Description: A case where an "at most one" restricted existential quantifier for a union is equivalent to such a quantifier for one of the sets. (Contributed by Thierry Arnoux, 27-Nov-2023)

		Ref	Expression
	Hypothesis	rmounid.1	⊢ ( ( 𝜑 ∧ 𝑥 ∈ 𝐵 ) → ¬ 𝜓 )
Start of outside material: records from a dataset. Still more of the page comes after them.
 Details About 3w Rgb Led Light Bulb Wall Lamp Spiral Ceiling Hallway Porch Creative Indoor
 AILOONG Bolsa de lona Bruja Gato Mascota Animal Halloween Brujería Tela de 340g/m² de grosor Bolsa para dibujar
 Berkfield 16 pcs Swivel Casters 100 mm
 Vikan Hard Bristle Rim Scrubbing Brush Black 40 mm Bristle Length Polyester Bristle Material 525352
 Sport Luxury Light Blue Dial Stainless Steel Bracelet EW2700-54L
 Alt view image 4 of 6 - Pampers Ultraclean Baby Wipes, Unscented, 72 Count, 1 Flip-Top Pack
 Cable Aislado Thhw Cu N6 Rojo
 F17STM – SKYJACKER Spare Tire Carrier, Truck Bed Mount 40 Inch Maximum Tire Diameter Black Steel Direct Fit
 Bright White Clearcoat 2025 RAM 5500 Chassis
	Assertion	rmounid	⊢ ( 𝜑 → ( ∃* 𝑥 ∈ ( 𝐴 ∪ 𝐵 ) 𝜓 ↔ ∃* 𝑥 ∈ 𝐴 𝜓 ) )

Proof

Step	Hyp	Ref	Expression
1		rmounid.1	⊢ ( ( 𝜑 ∧ 𝑥 ∈ 𝐵 ) → ¬ 𝜓 )
2	1	ex	⊢ ( 𝜑 → ( 𝑥 ∈ 𝐵 → ¬ 𝜓 ) )
3	2	con2d	⊢ ( 𝜑 → ( 𝜓 → ¬ 𝑥 ∈ 𝐵 ) )
4	3	imp	⊢ ( ( 𝜑 ∧ 𝜓 ) → ¬ 𝑥 ∈ 𝐵 )
5		biorf	⊢ ( ¬ 𝑥 ∈ 𝐵 → ( 𝑥 ∈ 𝐴 ↔ ( 𝑥 ∈ 𝐵 ∨ 𝑥 ∈ 𝐴 ) ) )
6		orcom	⊢ ( ( 𝑥 ∈ 𝐴 ∨ 𝑥 ∈ 𝐵 ) ↔ ( 𝑥 ∈ 𝐵 ∨ 𝑥 ∈ 𝐴 ) )
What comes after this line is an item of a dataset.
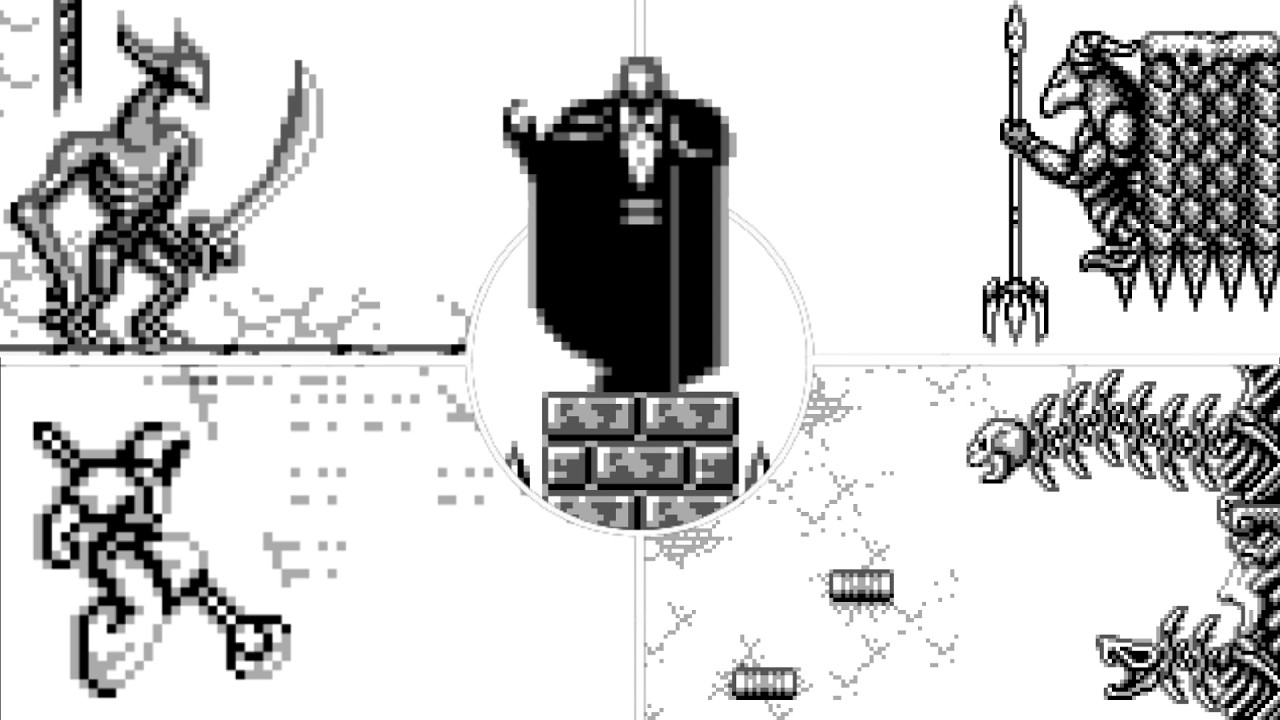 Castlevania II: Belmont's Revenge (Game Boy) All Bosses (No Damage, No Subweapons)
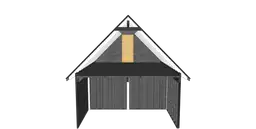 Widok detalu konstrukcji wiaty Marta – wysokiej jakości wykonanie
7	5 6	bitr4di	⊢ ( ¬ 𝑥 ∈ 𝐵 → ( 𝑥 ∈ 𝐴 ↔ ( 𝑥 ∈ 𝐴 ∨ 𝑥 ∈ 𝐵 ) ) )
8	4 7	syl	⊢ ( ( 𝜑 ∧ 𝜓 ) → ( 𝑥 ∈ 𝐴 ↔ ( 𝑥 ∈ 𝐴 ∨ 𝑥 ∈ 𝐵 ) ) )
9		elun	⊢ ( 𝑥 ∈ ( 𝐴 ∪ 𝐵 ) ↔ ( 𝑥 ∈ 𝐴 ∨ 𝑥 ∈ 𝐵 ) )
10	8 9	bitr4di	⊢ ( ( 𝜑 ∧ 𝜓 ) → ( 𝑥 ∈ 𝐴 ↔ 𝑥 ∈ ( 𝐴 ∪ 𝐵 ) ) )
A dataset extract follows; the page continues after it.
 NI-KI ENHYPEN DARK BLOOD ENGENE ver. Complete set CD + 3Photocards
11	10	pm5.32da	⊢ ( 𝜑 → ( ( 𝜓 ∧ 𝑥 ∈ 𝐴 ) ↔ ( 𝜓 ∧ 𝑥 ∈ ( 𝐴 ∪ 𝐵 ) ) ) )
12	11	biancomd	⊢ ( 𝜑 → ( ( 𝜓 ∧ 𝑥 ∈ 𝐴 ) ↔ ( 𝑥 ∈ ( 𝐴 ∪ 𝐵 ) ∧ 𝜓 ) ) )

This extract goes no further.